Likelihood, and Maximum Likelihood, in Statistics
Last update: 01 Jul 2026 23:12First version: 24 June 2026
We observe a random variable \( X \). (It may be a big, hairy, high-dimensional beast, with lots of components, but we'll treat it as one object for now.) We also have a probability model with an adjustable parameter \( \theta \). (This may also be an enormous infinite-dimensional object.) For each \( \theta \) we get a distribution for \( X \), say \( p(x;\theta) \equiv \mathrm{Prob}_{\theta}(X=x) \). That is, the probability model tells us, for each parameter value, the probability of any particular outcome. Ordinarily, we tend to look at how \( p(x;\theta) \) changes with \( x \) fixed, for some particular \( \theta \).
What statisticians have come to call the likelihood function is \[ L(\theta) \equiv p(X; \theta) \] This is the probability of the data as a function of the parameter. That is, it tells us the probability of observing what we did observe, as we consider varying the parameter.
A natural and compelling approach to parameter estimation is then the method of maximum likelihood: guess that the true parameter value is the one which makes the observed data as probable as possible. This is, as I said, natural and compelling, and it works (is consistent/probably-approximately-correct) under a broad range of circumstances, but unfortunately it doesn't always work.
To see a little bit about why it typically works, but doesn't always, notice that \( L(\theta) \) is a random function, i.e., a stochastic process. (It is a process "indexed", as we say in the trade, by the parameter space, which may be weird, but still a process.) The method of maximum likelihood looks for the maximum of this random function, and hopes that it converges on the true parameter value. But convergence of stochastic processes is a somewhat delicate business. In many situations, the likelihood function does converge to a sensible, deterministic limiting function which is uniquely maximized at the true parameter value. (When this happy state of affairs applies, the limiting function has nice information-theoretic interpretations.) But there are, alas, times when the convergence just does not work.

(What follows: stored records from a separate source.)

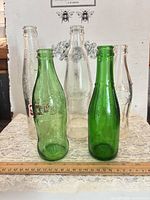 Front view of all five bottles showing size and color differences
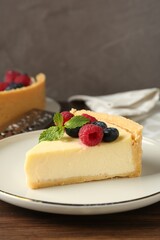Piece of delicious cheesecake with fresh berries and mint on wooden table, closeup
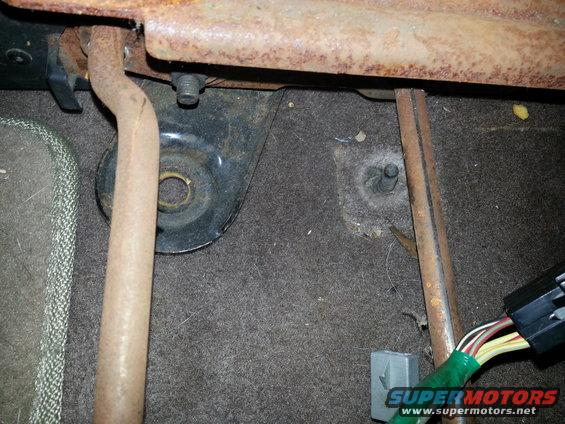 Close-up of rusty seat mounting hardware and wiring harness in a vehicle interior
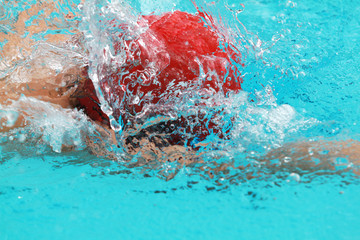 Close up young boy swimmer with red cap swim free style or forward crawl in a swimming pool for competition or race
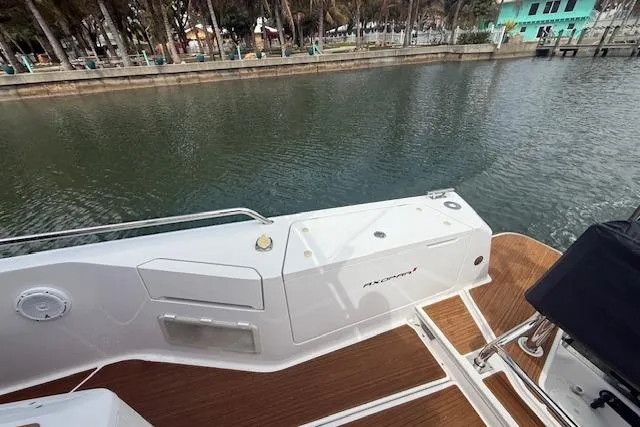  Yacht Photos Pics 2024 Axopar 37 Sun-Top boat deck with wood finish, docked by calm waters.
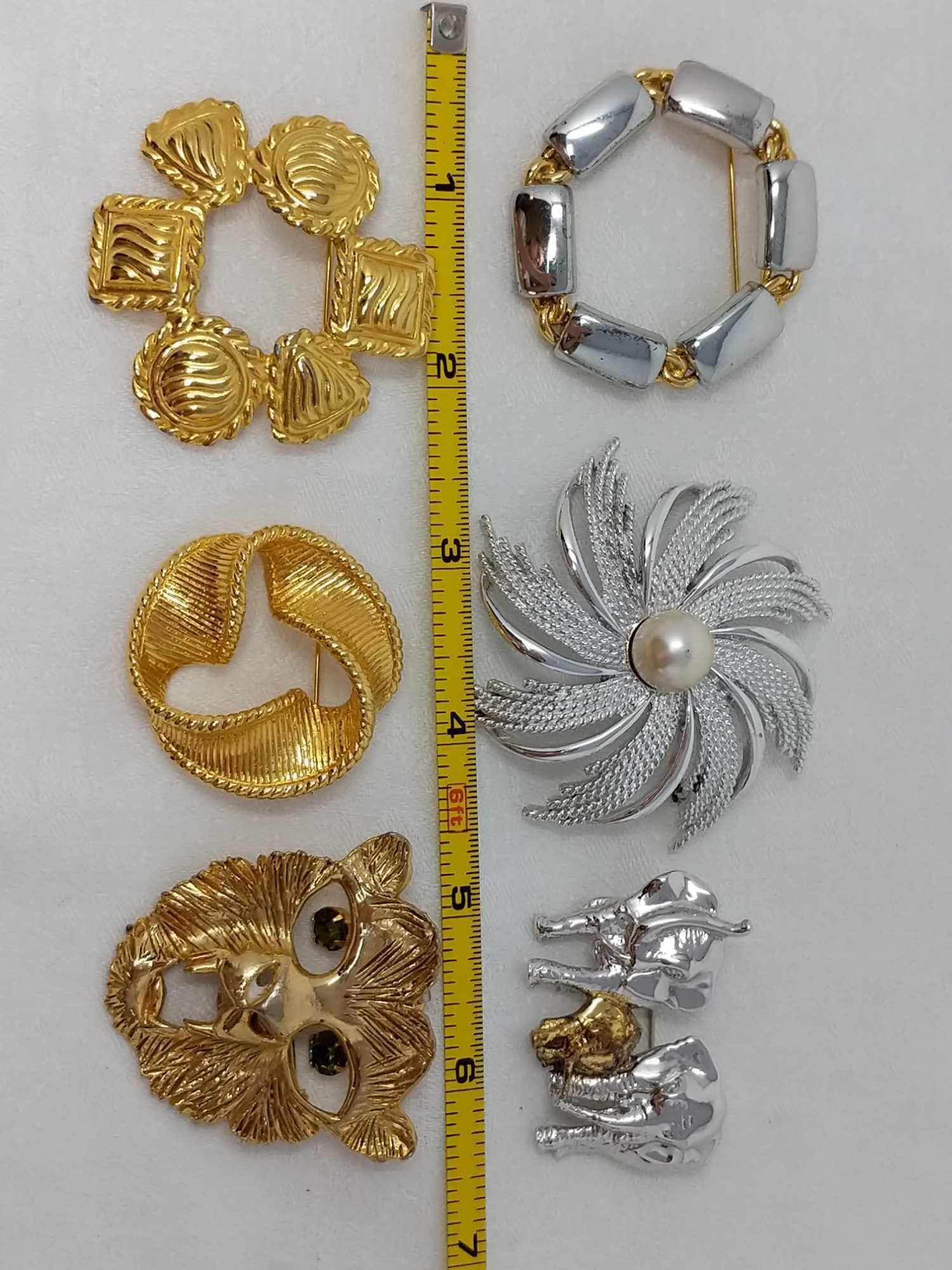 6 Costume Brooches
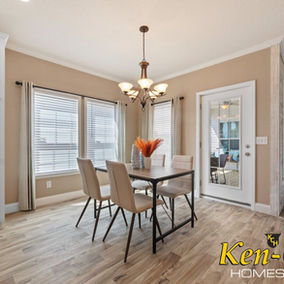 Dining room with table and chairs. Ken-Co Homes Inc. Timberview 32663E. Interior view.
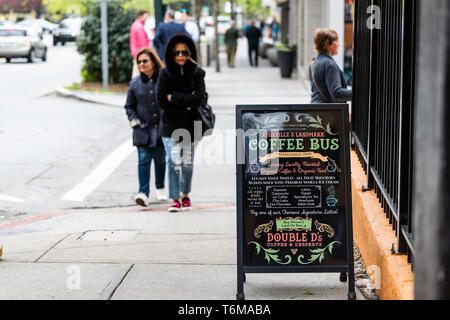 Asheville, USA - April 19, 2018: People on sidewalk by bus cafe restaurant outside on a street serving coffee drinks and desserts in North Carolina ci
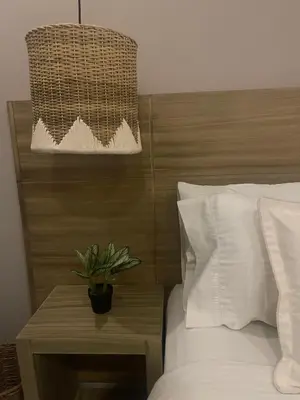 a bedroom with a bed with a wooden headboard and a potted plant at Moet Medellin Hotel in Medellín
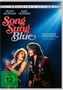Text: "Song Sung Blue" und "FSK ab 12 freigegeben". Zwei Personen singen auf einer Bühne in schillernder Kleidung., DVD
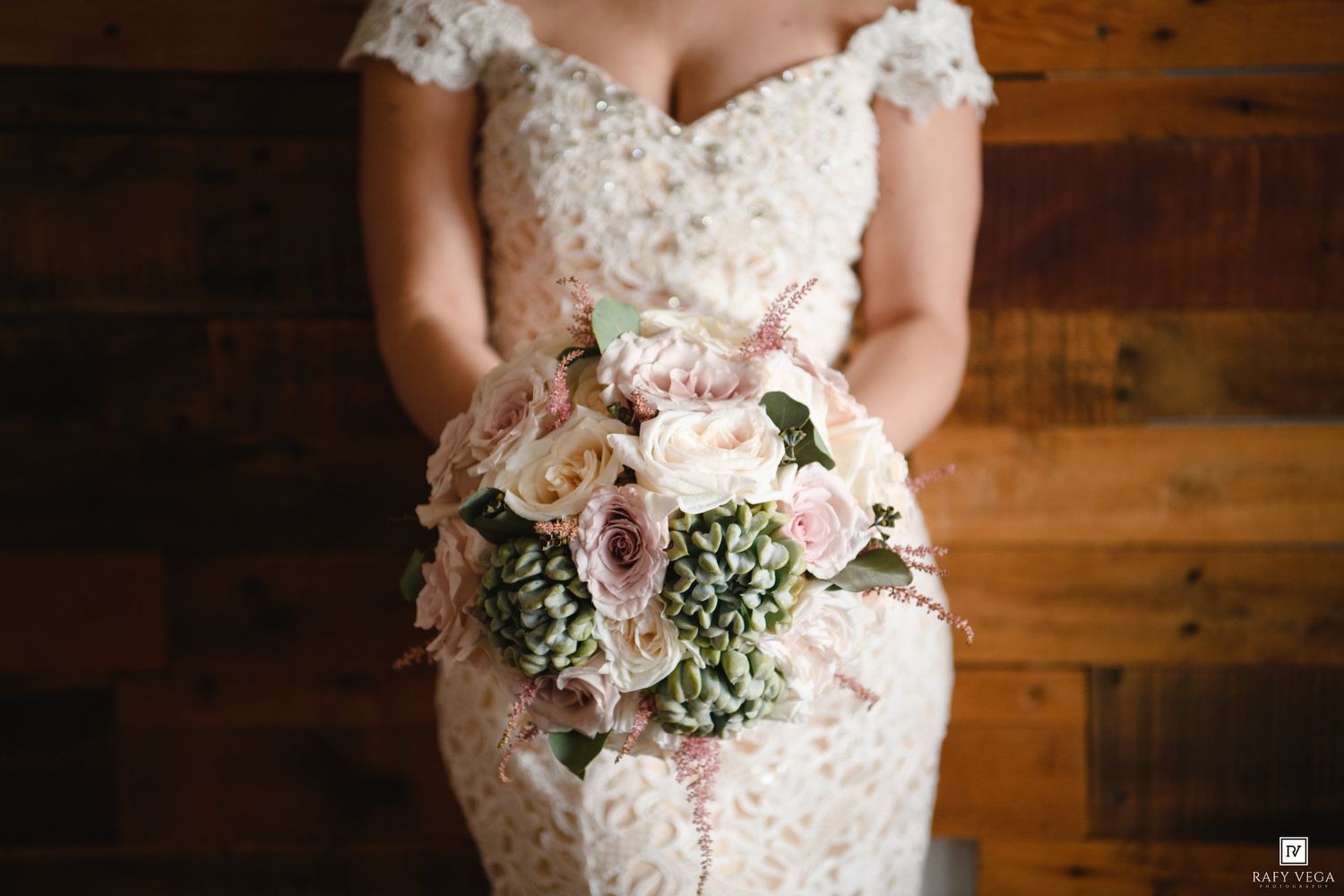 Bride in lace wedding gown holding elegant blush pink and green bouquet with roses and hydrangeas against rustic wood wall.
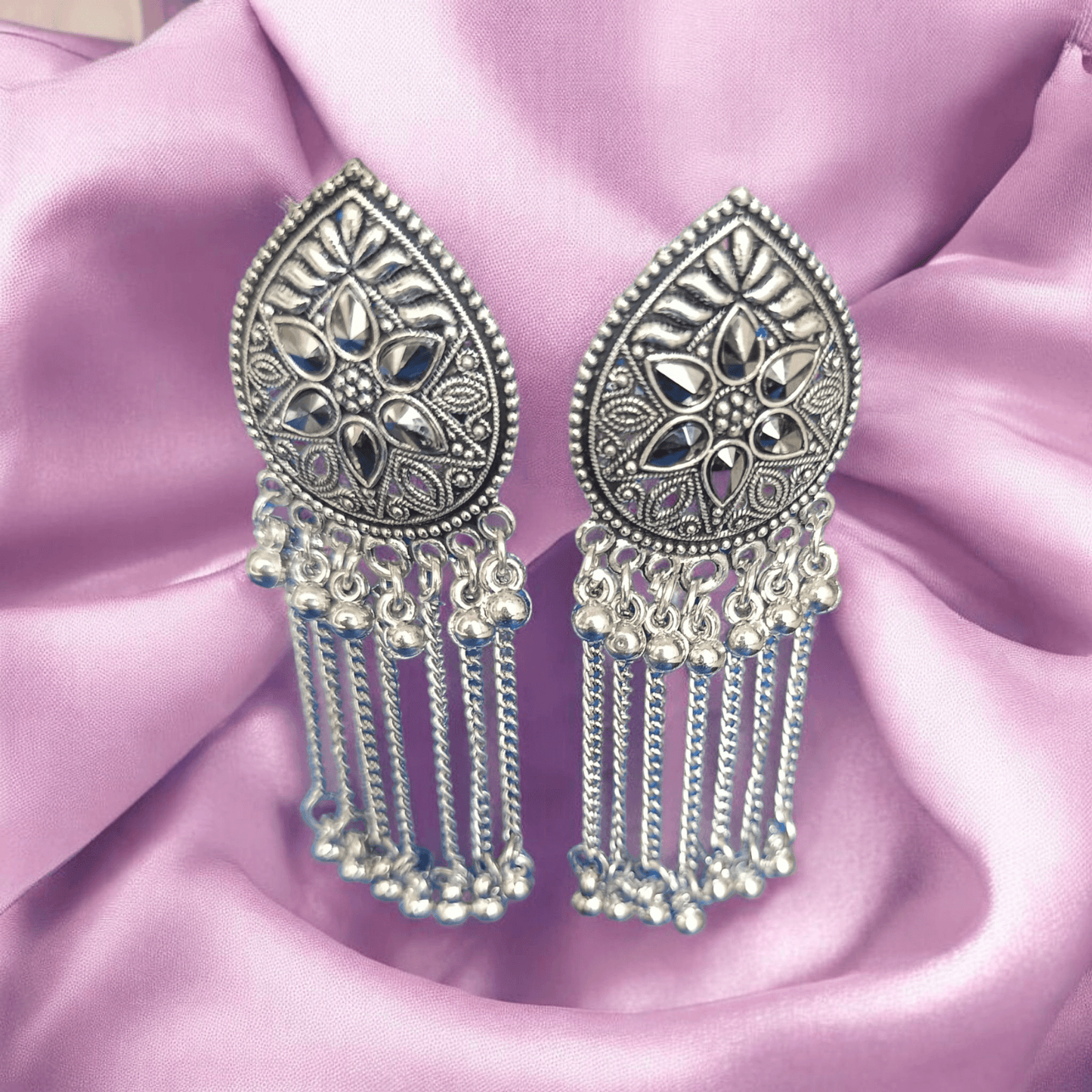 "Oxidized silver floral earrings with chain dangles on fabric background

[TODO: likelihood ratio tests]
Now, I should at this point admit that the way I've defined likelihood above only works when \( X \) is discrete. If \( X \) is continuous, then one needs to work with probability densities rather than mass functions, which I think makes the rhetoric a bit less persuasive. It also opens the way, to those who've learned measure-theoretic probability, to a more general definition.
(For each \( \theta \), say \( P_{\theta} \) is a probability measure on \( \mathcal{X} \), and these are all absolutely continuous with respect to some reference measure \( M \) (not necessarily a probability measure). Then we define \( L(\theta) = \frac{dP_{\theta}}{d M}(X) \), using the Radon-Nikodym derivative. This makes the exact likelihood function relative to the choice of reference measure \( M \), but notice that for any other reference measure \( N \), we'd have \( \frac{dP_{\theta}}{d N}(X) = \frac{d P_{\theta}}{dM}(X) \frac{dM}{dN}(X) \), so changing the reference measure doesn't change relative likelihoods, the location of the maximum likelihood estimate, etc.)
I should also admit that the idea that one can simply calculate the probability of a given outcome from a probability model is often rather optimistic. This has opened up a range of pseudo-, quasi-, synthetic, and other likelihoods, which try to retain some of the formal structure, while ditching the full probability calculations. One of my reasons for breaking out this notebook is the hope that it will encourage me to wrap my head around these not-quite-likelihoods. (I think I could define the difference between a pseudo- and a quasi- likelihood if I had to, but it's embarrassing for someone in my position not to be sure.)
- See also:
- Empirical Likelihood
- Large Deviations and Information Theory in the Foundations of Statistics
- Recommended, big picture:
- Stephen M. Stigler, "The Epic Story of Maximum Likelihood", Statistical Science 22 (2007): 598--620, arxiv:0804.2996
- Recommended, close-ups:
- Ronald W. Butler, "Predictive Likelihood Inference with Applications", Journal of the Royal Statistical Society B 48 (1986): 1--38 ["in the predictive setting, all parameters are nuisance parameters". JSTOR]
- Bradley Efron, "Maximum Likelihood and Decision Theory", The Annals of Statistics 10 (1982): 340--356
- Charles J. Geyer, "Le Cam Made Simple: Asymptotics of Maximum Likelihood without the LLN or CLT or Sample Size Going to Infinity", arxiv:1206.4762 [There are two separable points here. One is that much of the usual asymptotic theory of maximum likelihood follows from the quadratic form of the likelihood alone; whenever and however that is reached, those consequences follow. Approximately quadratic likelihoods imply approximations to the usual asymptotics. This is unquestionably correct. The other is some bashing of results like the law of large numbers and central limit theorem, which seems misguided to me.]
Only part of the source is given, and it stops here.